Between the 1960s and the 1970s (1970–1979), the role of mortality delay increased considerably in non-Eastern Europe (Fig. 3). Mortality delay first became predominant from 1970 onwards among women in North-Western European countries and later became predominant among women in Southern Europe and among men (see as well Appendix 2). In this period in which delay was becoming predominant, the positive contribution of compression of mortality at young ages to the change in e0 was counterbalanced by the negative contributions of expansion at adult ages and compression at old ages, especially among men (Fig. 3).

In Eastern Europe (see Appendix 2), the period from 1975 to 1995 is characterised by expansion of adult mortality among women, and, among men, large negative contributions from a decline in the modal age at death only partly counterbalanced by compression at adult ages and expansion at old ages. From 1975 onwards for women and 1995 onwards for men, a clear increase in the contribution of delay can be observed, coupled with compression of old-age mortality, resulting in a predominance of delay from 1990 onwards among women, and from 1995 onwards among men.
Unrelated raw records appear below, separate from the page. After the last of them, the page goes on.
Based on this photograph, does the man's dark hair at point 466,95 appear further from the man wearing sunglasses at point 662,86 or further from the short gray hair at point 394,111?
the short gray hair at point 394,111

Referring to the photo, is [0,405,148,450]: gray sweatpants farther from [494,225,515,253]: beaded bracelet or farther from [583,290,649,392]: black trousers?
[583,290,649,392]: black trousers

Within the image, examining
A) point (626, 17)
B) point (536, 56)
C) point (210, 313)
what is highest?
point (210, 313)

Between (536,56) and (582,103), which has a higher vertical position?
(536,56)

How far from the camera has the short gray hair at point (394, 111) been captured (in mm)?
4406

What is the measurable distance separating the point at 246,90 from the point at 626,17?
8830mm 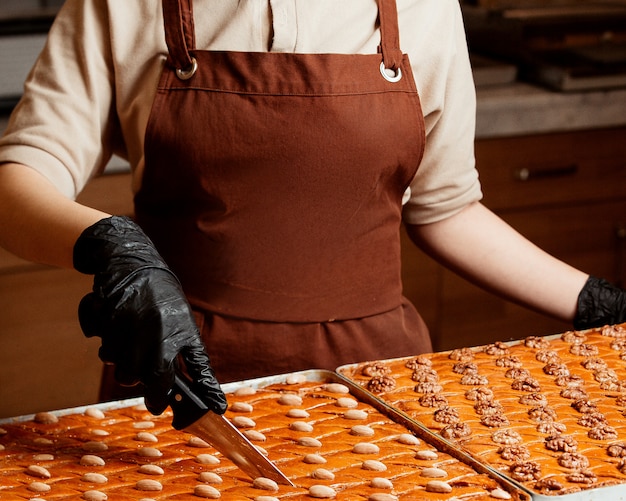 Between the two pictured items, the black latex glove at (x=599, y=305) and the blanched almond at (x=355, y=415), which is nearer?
the blanched almond at (x=355, y=415)

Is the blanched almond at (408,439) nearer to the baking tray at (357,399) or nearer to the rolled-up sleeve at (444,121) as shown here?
the baking tray at (357,399)

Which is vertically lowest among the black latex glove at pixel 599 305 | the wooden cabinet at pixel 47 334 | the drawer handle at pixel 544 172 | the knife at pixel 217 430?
the wooden cabinet at pixel 47 334

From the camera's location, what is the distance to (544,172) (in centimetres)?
295

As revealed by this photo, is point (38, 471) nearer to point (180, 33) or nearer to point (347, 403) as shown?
point (347, 403)

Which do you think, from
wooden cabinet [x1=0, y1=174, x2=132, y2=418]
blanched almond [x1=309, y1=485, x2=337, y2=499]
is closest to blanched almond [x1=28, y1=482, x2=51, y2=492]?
blanched almond [x1=309, y1=485, x2=337, y2=499]

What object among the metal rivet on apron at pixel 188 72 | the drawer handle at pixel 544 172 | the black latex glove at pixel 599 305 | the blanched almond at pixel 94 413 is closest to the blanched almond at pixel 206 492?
the blanched almond at pixel 94 413

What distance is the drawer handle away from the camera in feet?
9.63

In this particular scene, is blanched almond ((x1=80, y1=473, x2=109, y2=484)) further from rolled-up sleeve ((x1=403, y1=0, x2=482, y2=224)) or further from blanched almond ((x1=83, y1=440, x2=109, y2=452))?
rolled-up sleeve ((x1=403, y1=0, x2=482, y2=224))

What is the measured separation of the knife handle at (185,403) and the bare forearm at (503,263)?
2.11 ft

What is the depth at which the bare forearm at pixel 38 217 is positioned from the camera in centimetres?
118

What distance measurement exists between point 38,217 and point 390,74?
0.54 m

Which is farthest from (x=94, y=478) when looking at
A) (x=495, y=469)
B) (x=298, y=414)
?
(x=495, y=469)

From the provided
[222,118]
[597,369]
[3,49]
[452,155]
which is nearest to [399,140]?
[452,155]

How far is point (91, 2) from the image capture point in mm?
1403
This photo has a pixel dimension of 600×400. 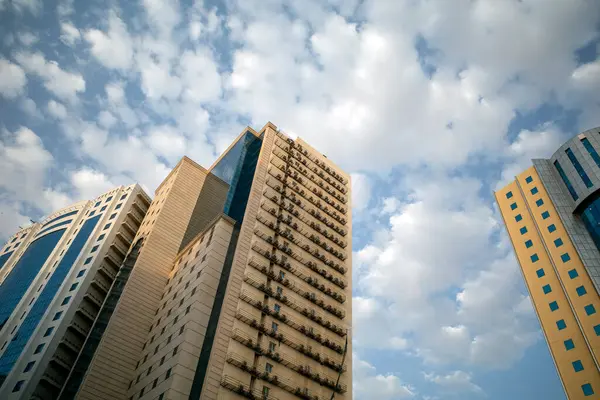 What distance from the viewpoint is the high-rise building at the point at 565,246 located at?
62.0m

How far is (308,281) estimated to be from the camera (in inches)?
2808

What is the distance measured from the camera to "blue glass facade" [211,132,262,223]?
2968 inches

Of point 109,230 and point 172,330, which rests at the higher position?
point 109,230

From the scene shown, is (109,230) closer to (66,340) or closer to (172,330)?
(66,340)

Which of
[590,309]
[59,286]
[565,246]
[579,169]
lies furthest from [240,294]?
[579,169]

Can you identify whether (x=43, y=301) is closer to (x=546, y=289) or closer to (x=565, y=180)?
(x=546, y=289)

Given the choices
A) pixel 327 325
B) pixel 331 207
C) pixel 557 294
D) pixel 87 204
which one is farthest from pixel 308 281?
pixel 87 204

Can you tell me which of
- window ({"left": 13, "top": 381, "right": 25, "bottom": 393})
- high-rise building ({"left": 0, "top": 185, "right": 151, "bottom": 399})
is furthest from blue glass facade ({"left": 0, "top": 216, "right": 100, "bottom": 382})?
window ({"left": 13, "top": 381, "right": 25, "bottom": 393})

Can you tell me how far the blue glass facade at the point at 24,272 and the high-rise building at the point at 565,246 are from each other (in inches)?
3721

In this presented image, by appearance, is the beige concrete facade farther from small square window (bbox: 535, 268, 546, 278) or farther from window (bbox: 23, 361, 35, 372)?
window (bbox: 23, 361, 35, 372)

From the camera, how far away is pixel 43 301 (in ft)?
273

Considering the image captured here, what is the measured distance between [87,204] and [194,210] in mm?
35570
In more recent years, in non-Eastern Europe, delay remained highly predominant, and at about the same relative level, despite some fluctuations in its contribution because of fluctuations in the contribution of young age mortality, in particular teenage mortality (Fig. 3; Appendix 2). Whereas, the negative contributions of expansion of adult mortality have been declining among men, the positive contributions of compression of adult mortality have recently emerged among women, indicating that declines in adult mortality are particularly strong. Despite further increases in the modal age at death (Fig. 1), the small negative contribution of compression at old-age mortality stayed either stable or declined slightly, reflecting the absence of a further recent increase in the related parameter, with even signs of expansion recently for some countries (see Appendix 3).

In almost all studied 26 European countries, Japan, and the USA, a transition occurred from increases in life expectancy at birth (e0) mainly due to compression of mortality to increases in e0 predominantly due to mortality delay. Delay of mortality results from a shift in the age distribution of mortality towards older ages and implies an increase in the modal age at death. Compression of mortality implies that the share of deaths around the modal age increases and that, consequently, lifespan variability is declining. Compression can be caused by a strong decrease in deaths at young or advanced ages, which has a positive effect on e0, or by an increase in the share of deaths around the modal age (as a result of a decline in the share of deaths in advanced age), which results in a negative effect on e0.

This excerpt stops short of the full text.